A Schematic illustration of Cas12f loading into EVs and genome editing. Cas12f-Halo-FRB binds to FKBP-MIM in the presence of rapamycin and is loaded to the MIM-dependent EVs. The reporter cassette contains mCherry and two kinds of frame-shifted GFP, expressing GFP after the cutting of the target sequence by Cas12f and the addition/deletion of nucleotides during repair. B Western blotting of HEK293 cell lysates and their l-EV fractions from mCherry-FKBP-MIM I-BAR- and Cas12f-Halo-FRB-co-expressing cells, with or without rapamycin treatment. Lysates of the same number of cells (6 × 10³ cells) and EVs (7 × 10⁹ EVs) were analyzed. Representative blots from three independent experiments are shown. C–F Genome-editing of reporter cells by Cas12f-carrying EVs. Cas12f-reporter cells (2.5 × 10⁴ cells), including HEK293 (C, D) and PANC-1 (E, F), were treated with l-EV fraction (1.5 × 10¹⁰ EVs/ml in 0.2 ml). After 3 days, GFP-positive cells were counted under a fluorescence microscope (C and E, Left: representative images; Right: quantification from 3 independent experiments) or by flow cytometry (FCM, D and F, D from 6 independent experiments and F from 4 independent experiments). The bars in the graphs show the addition of EVs treated with (gray) or without (light gray) rapamycin or no EV addition (white). The l-EV fraction from cells expressing Cas12f and MIM 5KA was also examined (E). G–I Effect of heating or freezing on the genome editing efficiency of l-EVs. l-EV fractions (1.5 × 10¹⁰ EVs/ml in 0.2 ml) were heated or frozen as indicated and incubated with the reporter HEK293 cells (G, H) or PANC-1 cells (I) for genome editing as in (C–F). GFP-positive cells were counted by fluorescence images (G from 6 independent experiments, I from 3 independent experiments) or by FCM (H from 5 independent experiments). The bars in the graphs show the addition of EVs treated with (gray) or without (light gray) rapamycin or no EV addition (white). Data show the means ± SD. Statistical significance was performed by one-way ANOVA with Tukey’s HSD test (C, E–I) or Kruskal–Wallis test with Dunn’s multiple comparisons test (D). Source data are provided as a Source data file.

Fig. 6. The superiority of the protrusion-derived EVs in the Cas12f delivery over the endosome-derived EVs.

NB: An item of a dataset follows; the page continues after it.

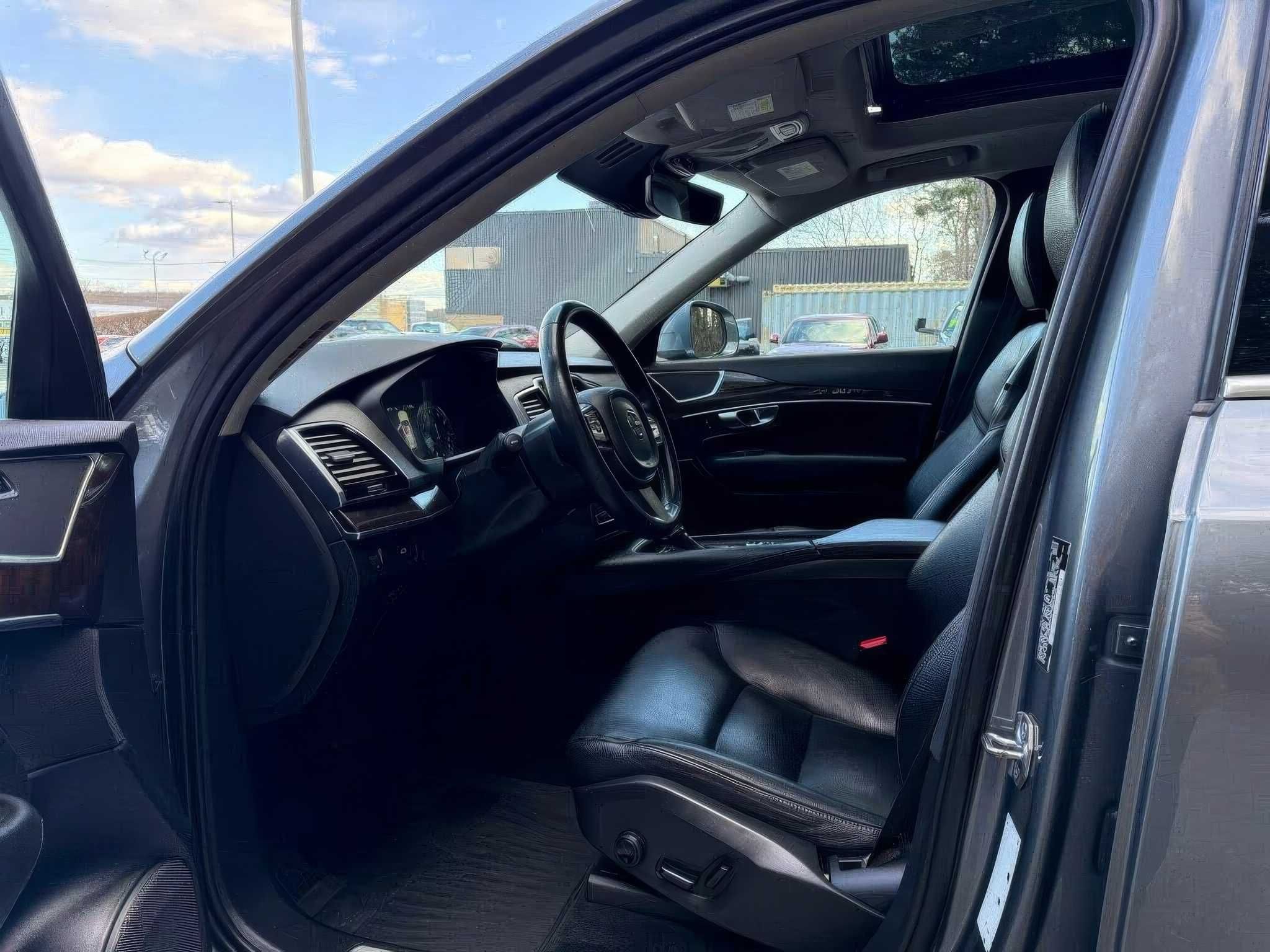 2017 Volvo XC90 T6 Momentum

A Western blotting of the l-EV fraction and s-EV fraction from HEK293 cells co-transfected with the vector for expression of mCherry-FKBP-MIM I-BAR- or CD63-GFP-FKBP and Cas12f-Halo-FRB-co-expressing cells, with MIM-derived EVs or CD63-derived EVs with or without rapamycin treatment. Those from the cells transfected with a vector expressing Cas12f, followed by the T2A sequence and the I-BAR domain, were also analyzed. Lysates of the same number of cells (6 × 10³ cells) and EVs (7 × 10⁹ EVs) were analyzed. B Quantification of (A). Bar graphs show the addition of EVs from cells transfected with mCherry-FKBP-MIM I-BAR (green) or CD63-GFP-FKBP (yellow) followed by rapamycin treatment, those without rapamycin treatment (light gray), or no EV addition (white) throughout the Fig. 6B–F. C Genome-editing of reporter cells by Cas12f-carrying EV fractions. Cas12f-reporter HEK293 cells (2.5 × 10⁴ cells) were treated with l-EV fractions or s-EV fractions prepared as in (A) (1.5 × 10¹⁰ EVs/ml in 0.2 ml). After 3 days, their fluorescence was observed under microscope and the number of GFP-expressing cells was counted. D Genome editing of reporter cells by Cas12f-carrying EV fractions detected by FCM. The l-EV fractions and s-EV fractions prepared after rapamycin treatment were added to reporter cells as described in (C). GFP-expressing cells were counted by FCM. E, F Genome-editing efficiency of the Cas12f-containing EVs. The efficiency per Cas12f molecule (E) was determined by the GFP-positive cell number divided by the amount of Cas12f per EV (B), and the efficiency per added EV volume (F) was determined by GFP-positive cell number divided by the relative EV volume described in Supplemental fig. 14D. The efficiency was indicated as arbitrary units (arb. units). Data show the means ± SD (3 independent experiments for (B, C, E, F); 5 independent experiments for (D)). Statistical significance was performed by one-way ANOVA with Tukey’s HSD test (B, C) to compare among all data sets, or with Dunnett’s multiple comparisons test (D–F) to compare each data set with that of no EV (D) or that of l-EVs treated with DMSO (E, F). Source data are provided as a Source data file.